I found two papers that report on experiments that take Amazon EC-2 as IT fabric and deploy compute intensive workloads on them. They compare these results to the performance obtained from on-premise clusters that include best-known practices for compute intensive workloads. The first paper uses the NAS benchmarks to get a broad sampling of high-performance computing workloads on the EC-2 cloud. They use the high-performance instances of Amazon and compare them to similar processor gear in a cluster at NCSA. The IT gear details are shown in the following table:
|EC-2 High-CPU Cluster||NCSA Cluster|
|Compute Node||7GB memory, 4 cores per socket, 2 sockets per server, 2.33GHz Xeon, 1600GB storage||8GB memory, 4 cores per socket, 2 sockets per server, 2.33GHz Xeon, 73GB storage|
|Network Interconnect||Specific Interconnect technology unknown||Infiniband network|
The NAS Parallel Benchmarks are a widely used set of programs designed to evaluate the performance of high performance computing systems. The suite mimics critical computation and data movement patterns important for compute intensive workloads.
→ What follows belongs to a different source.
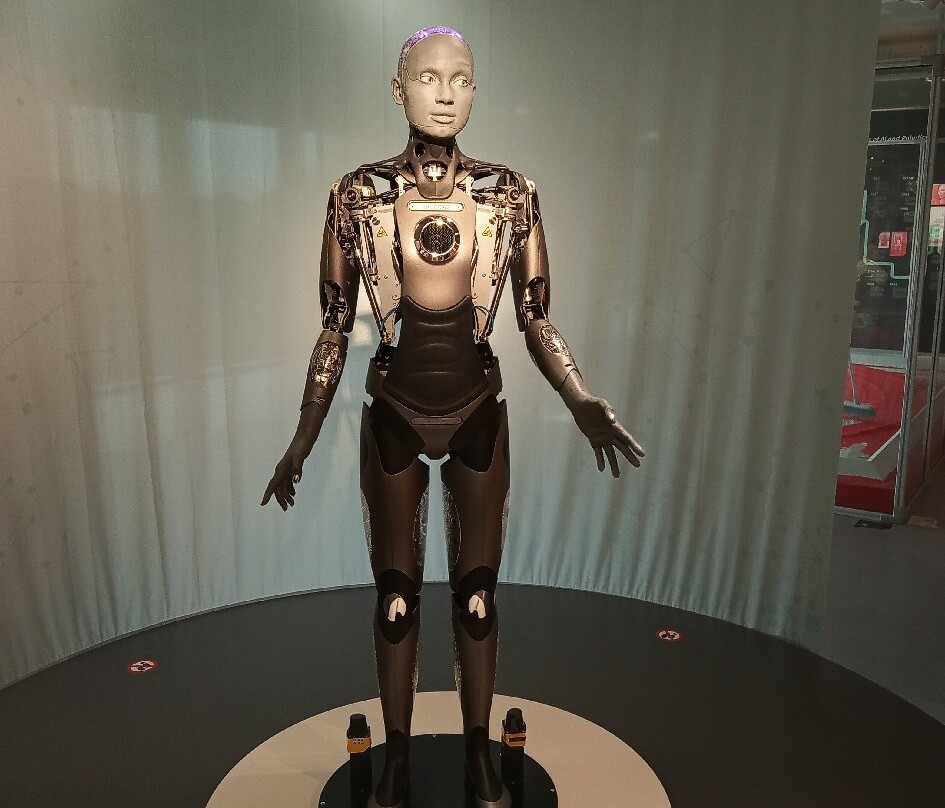 Heinz Nixdorf MuseumsForum-帕德博恩必去景点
Clearly, when the workload is confined to a single server the difference between the two compute environments is limited to the virtualization technology used and effective available memory. In this experiment the difference between Amazon EC-2 and a best-known practice cluster is between 10-20% in favor of a non-virtualized server.
However, when the workload needs to reach across the network to other servers to complete its task the performance difference is striking, as is shown in the following figure.
Figure 1: NPB-MPI runtimes on 32 cores (= 4 dual socketed servers)
The performance difference ranges from 2x to 10x in favor of a optimized high-performance cluster. Effectively, Amazon is ten times more expensive to operate than if you had your own optimized equipment.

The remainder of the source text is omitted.